WORK ORDER =>
Below are some records. Write out the line that contains "Vince Camuto VP" and all lines after it, exactly, but not the pictures.

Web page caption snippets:

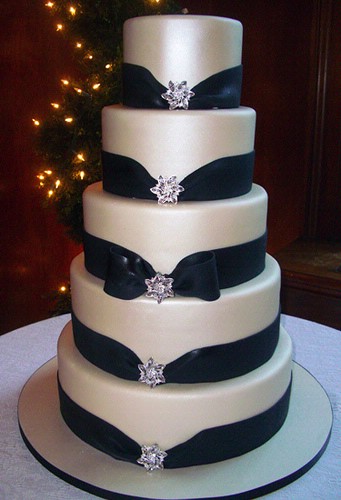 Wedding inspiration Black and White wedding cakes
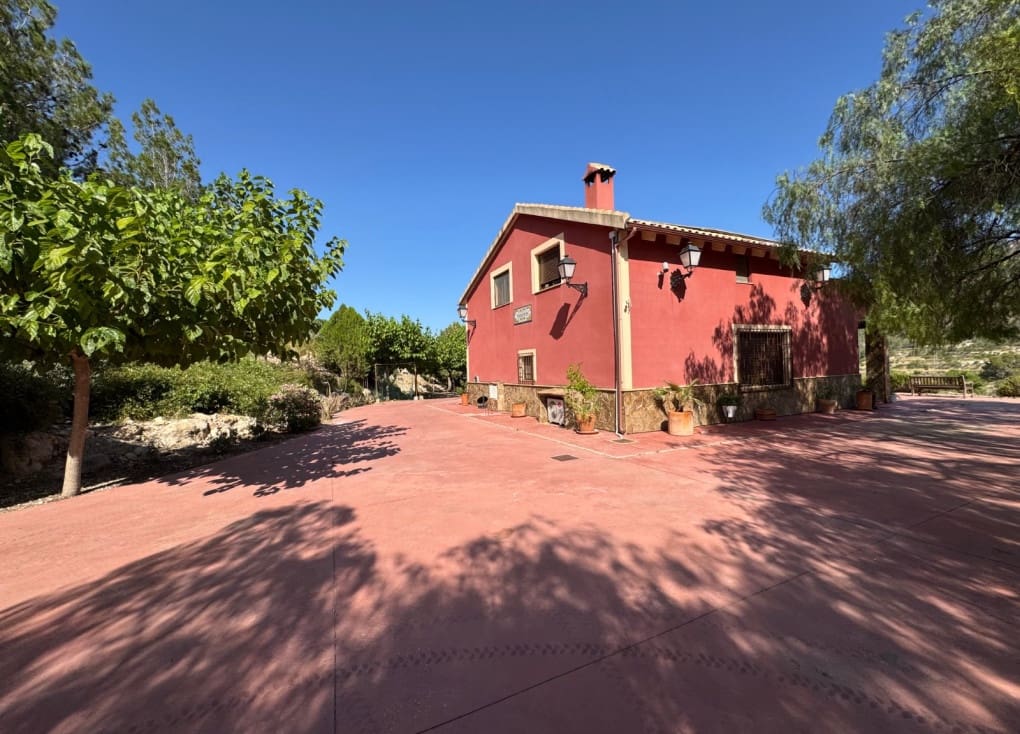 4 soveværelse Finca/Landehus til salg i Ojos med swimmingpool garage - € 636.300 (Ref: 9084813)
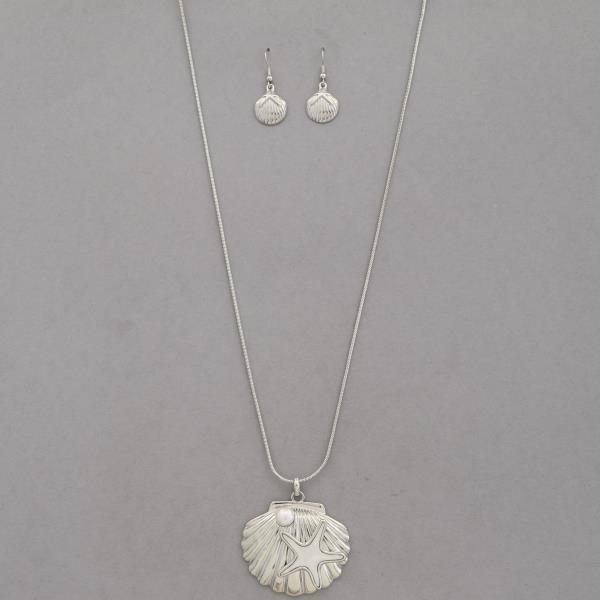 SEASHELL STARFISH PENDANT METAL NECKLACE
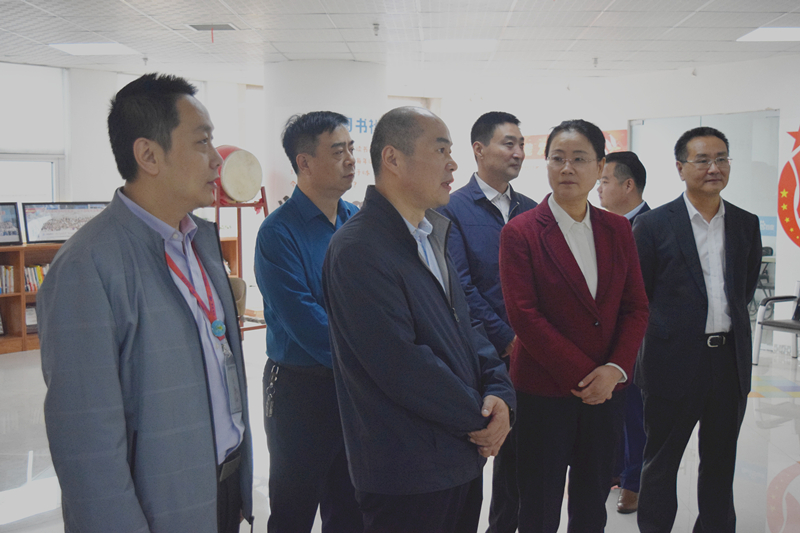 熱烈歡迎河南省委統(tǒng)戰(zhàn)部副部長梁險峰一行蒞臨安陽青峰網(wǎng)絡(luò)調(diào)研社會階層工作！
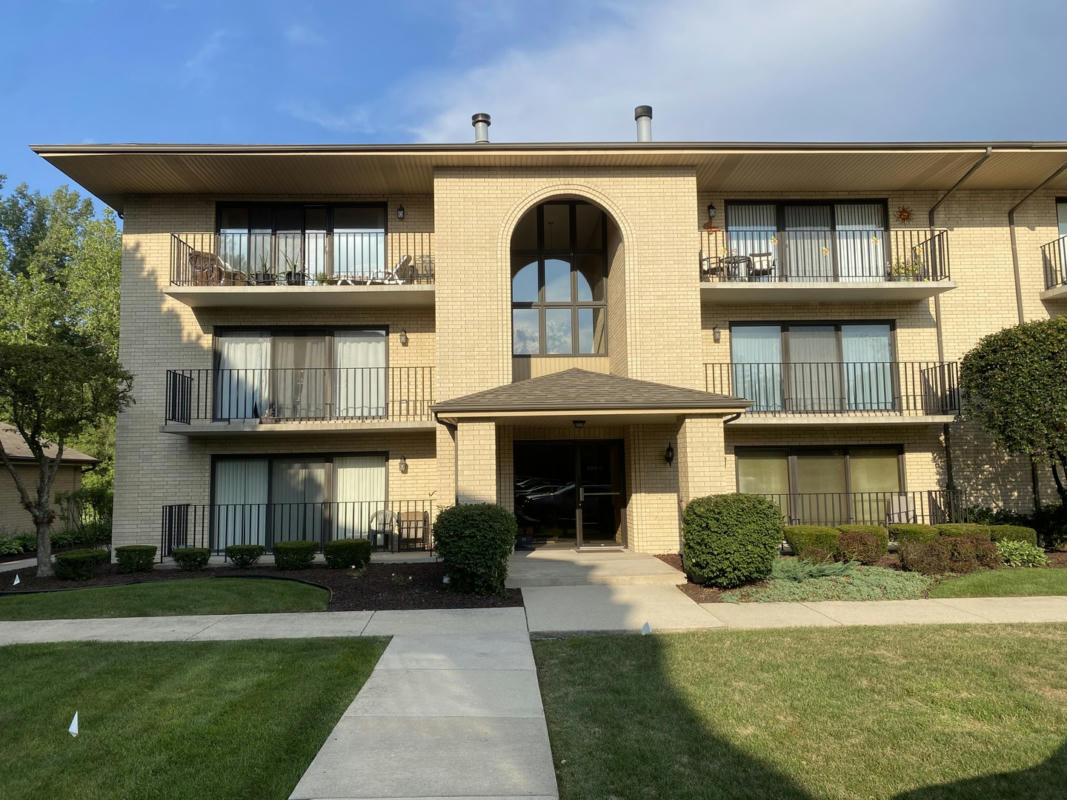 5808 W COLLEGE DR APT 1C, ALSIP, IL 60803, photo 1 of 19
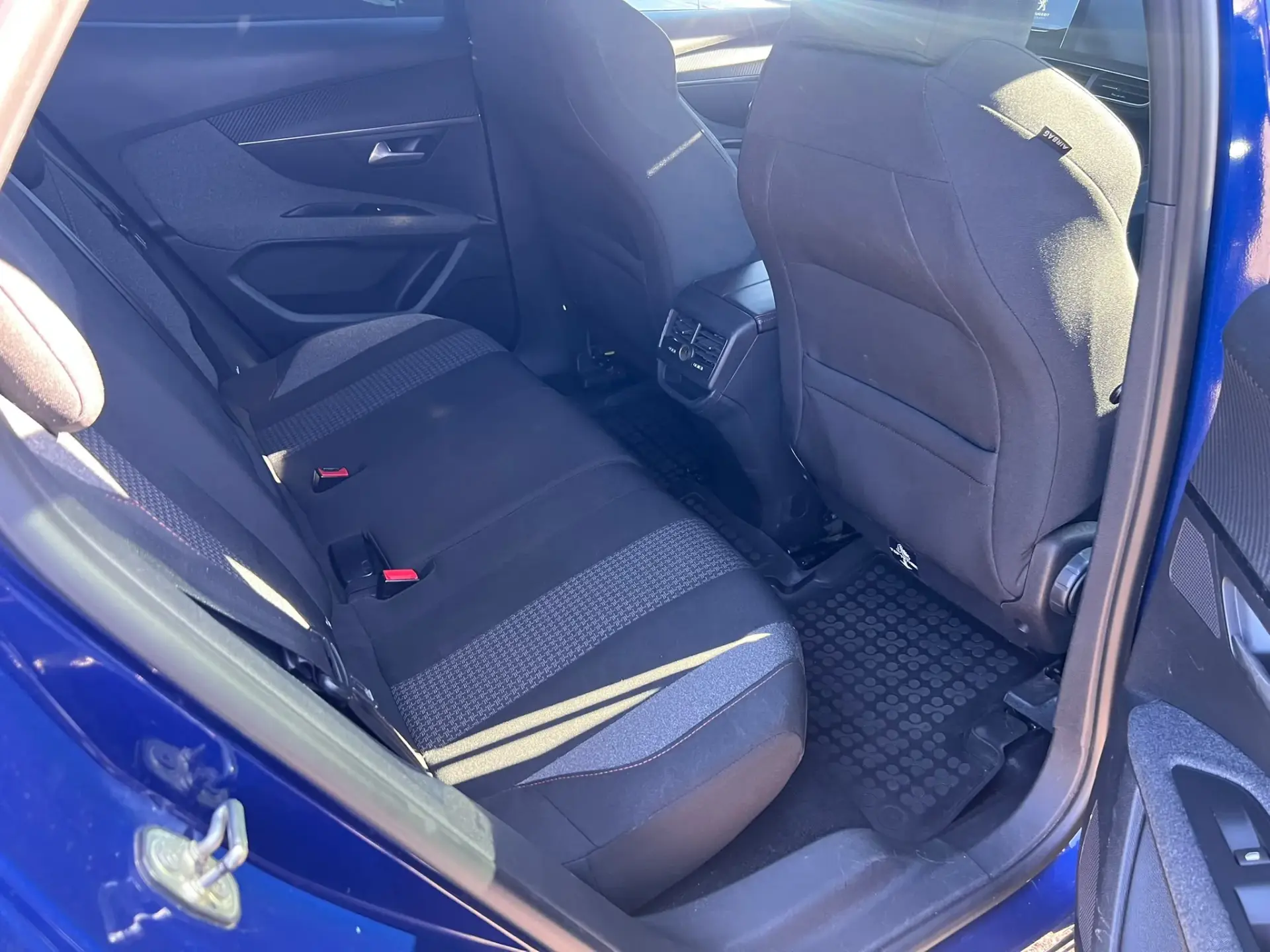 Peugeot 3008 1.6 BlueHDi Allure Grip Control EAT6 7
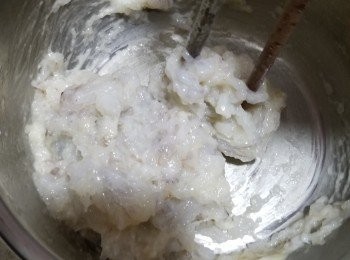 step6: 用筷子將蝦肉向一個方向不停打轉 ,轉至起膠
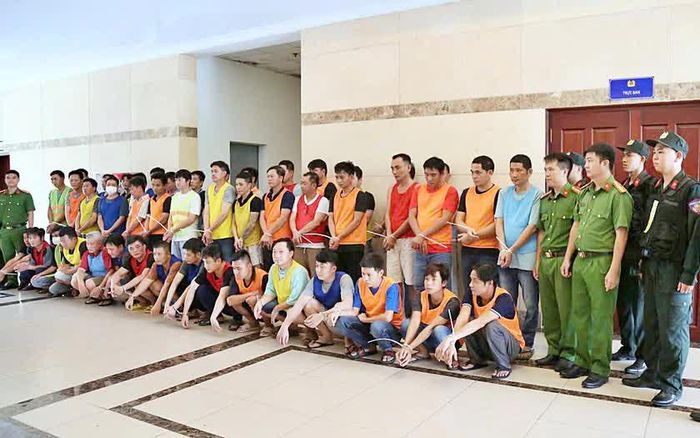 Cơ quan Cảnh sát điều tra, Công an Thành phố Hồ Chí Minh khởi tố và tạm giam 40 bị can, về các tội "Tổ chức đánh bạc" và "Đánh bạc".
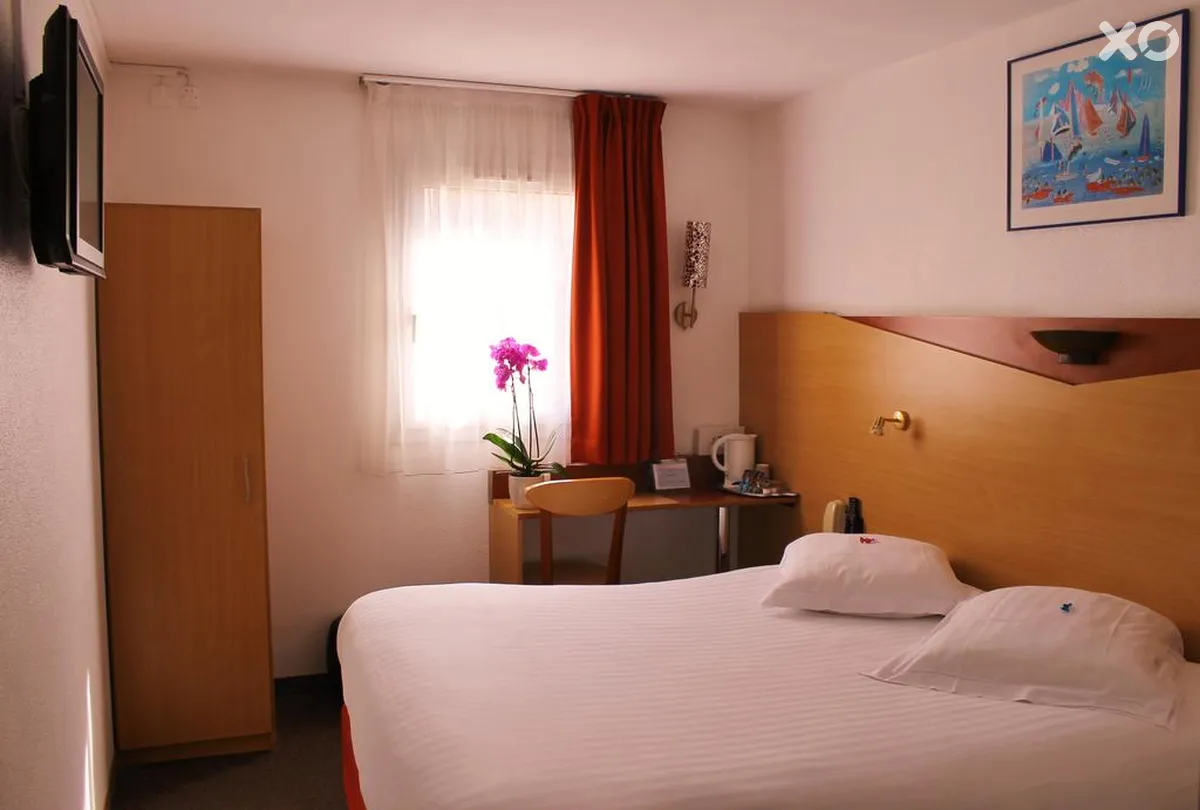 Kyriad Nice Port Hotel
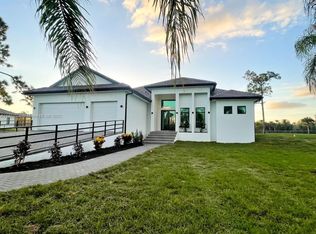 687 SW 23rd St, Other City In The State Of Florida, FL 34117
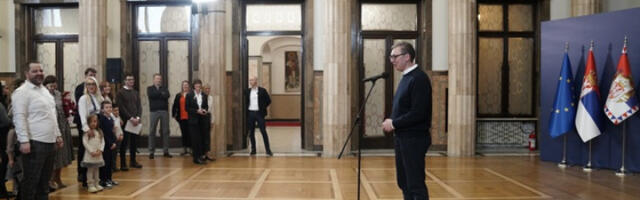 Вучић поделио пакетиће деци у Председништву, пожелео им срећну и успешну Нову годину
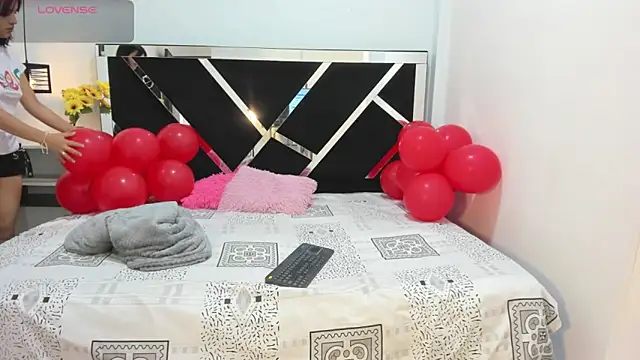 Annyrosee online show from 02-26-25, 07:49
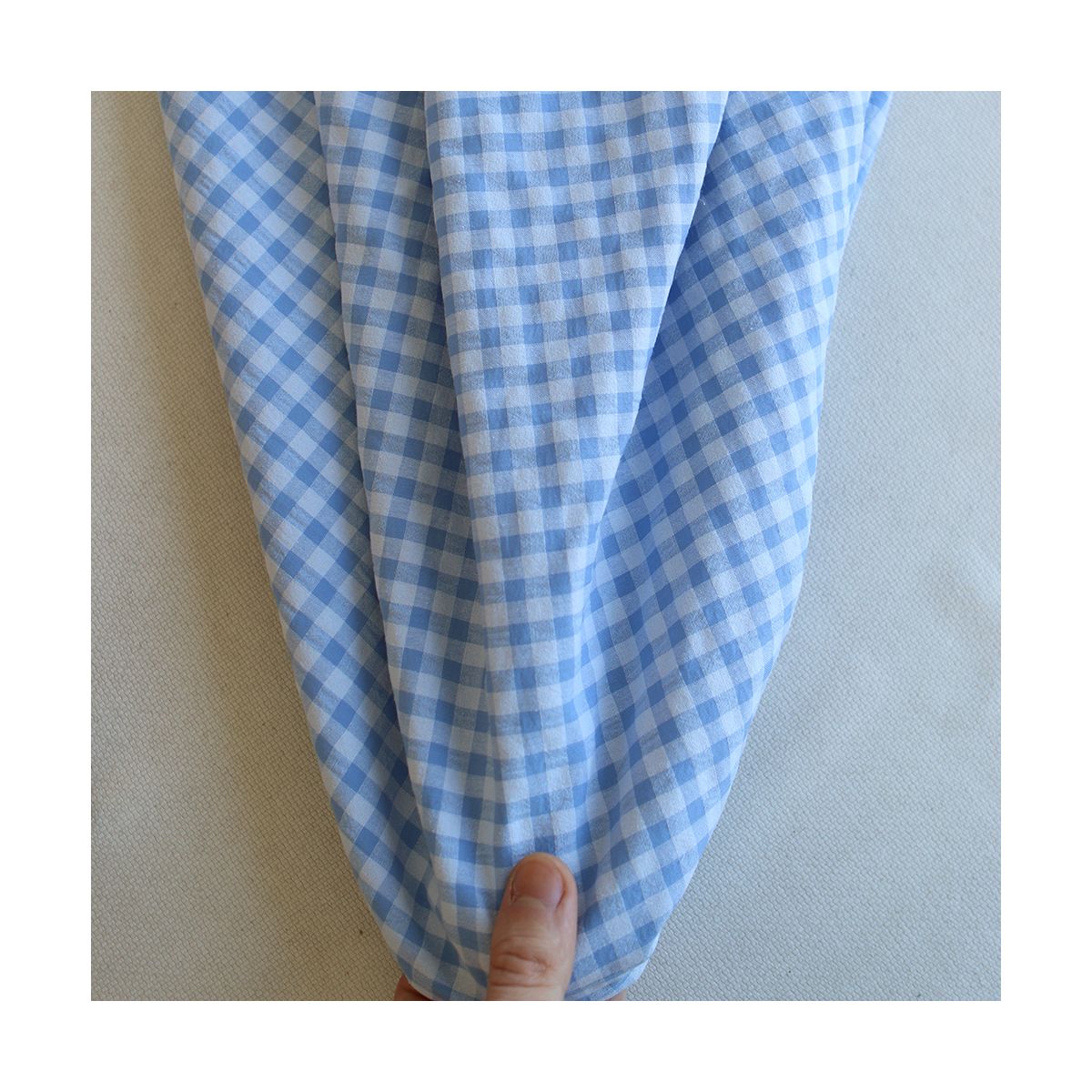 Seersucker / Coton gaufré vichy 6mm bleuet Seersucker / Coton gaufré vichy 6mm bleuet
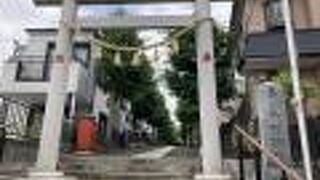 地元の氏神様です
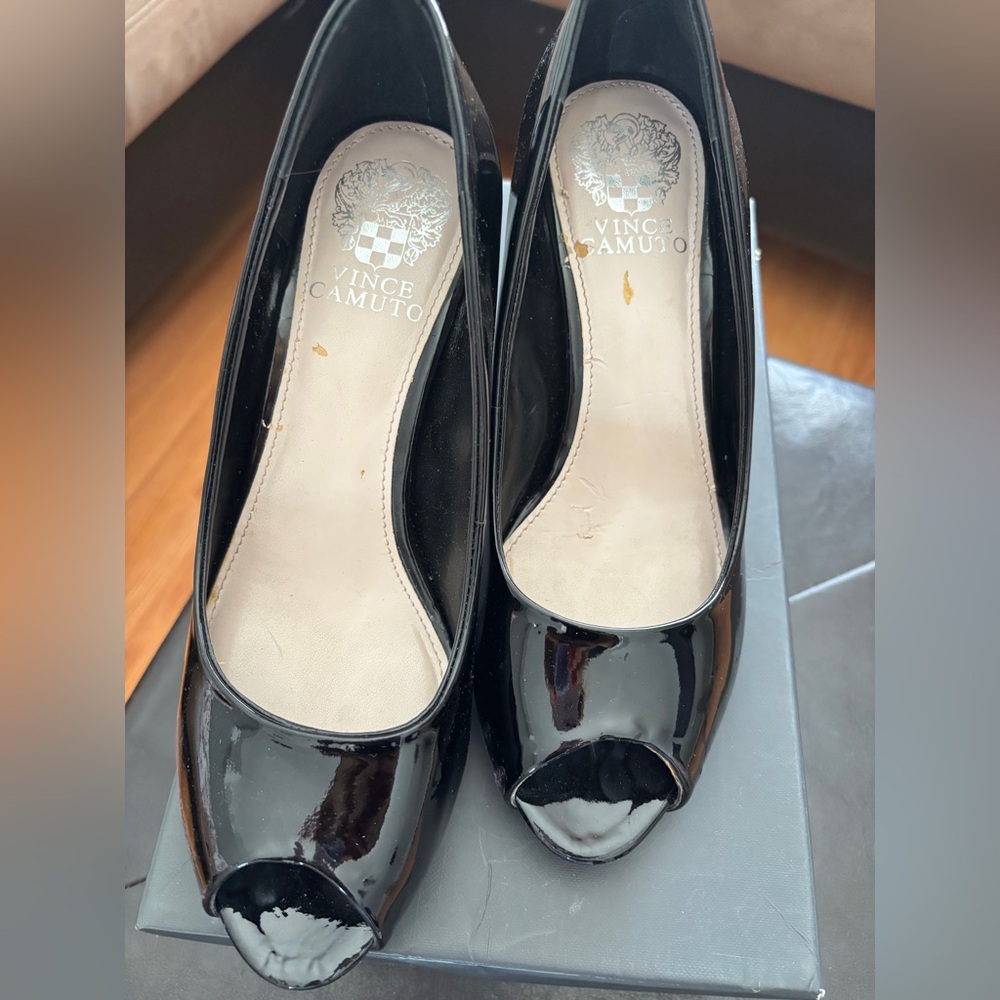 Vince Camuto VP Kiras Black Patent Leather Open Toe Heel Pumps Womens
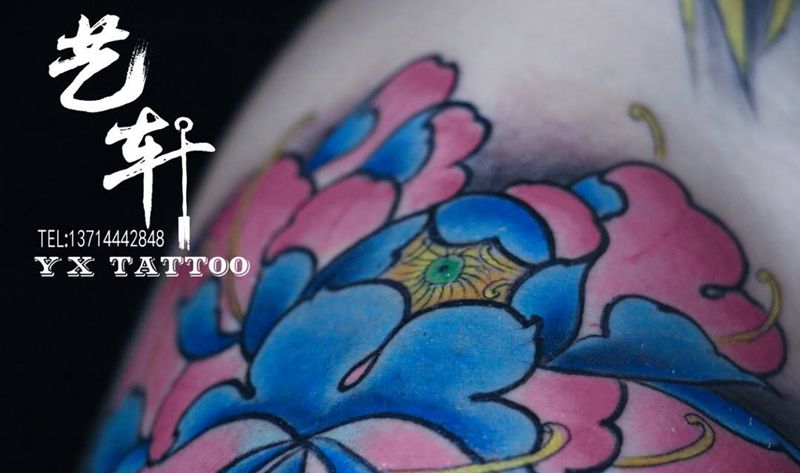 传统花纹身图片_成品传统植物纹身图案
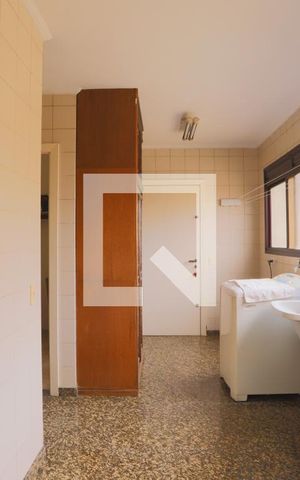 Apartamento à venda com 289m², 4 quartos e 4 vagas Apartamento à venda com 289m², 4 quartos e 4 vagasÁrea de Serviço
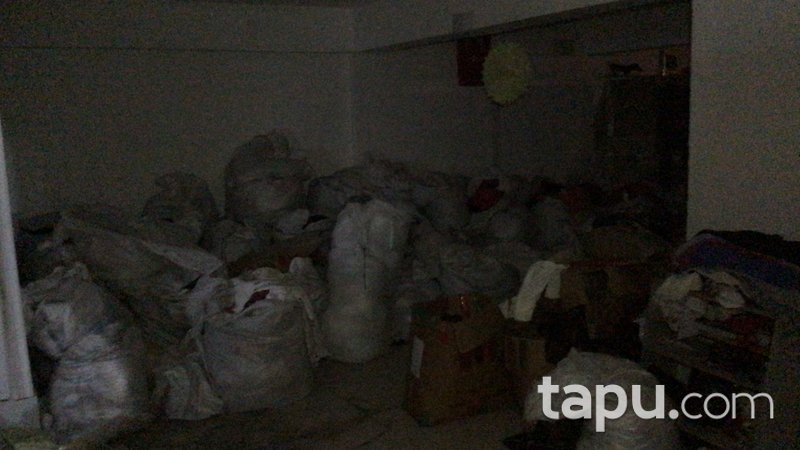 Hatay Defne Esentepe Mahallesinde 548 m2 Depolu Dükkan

ANSWER TO THE PROBLEM =>
 Vince Camuto VP Kiras Black Patent Leather Open Toe Heel Pumps Womens
 传统花纹身图片_成品传统植物纹身图案
 Apartamento à venda com 289m², 4 quartos e 4 vagas Apartamento à venda com 289m², 4 quartos e 4 vagasÁrea de Serviço
 Hatay Defne Esentepe Mahallesinde 548 m2 Depolu Dükkan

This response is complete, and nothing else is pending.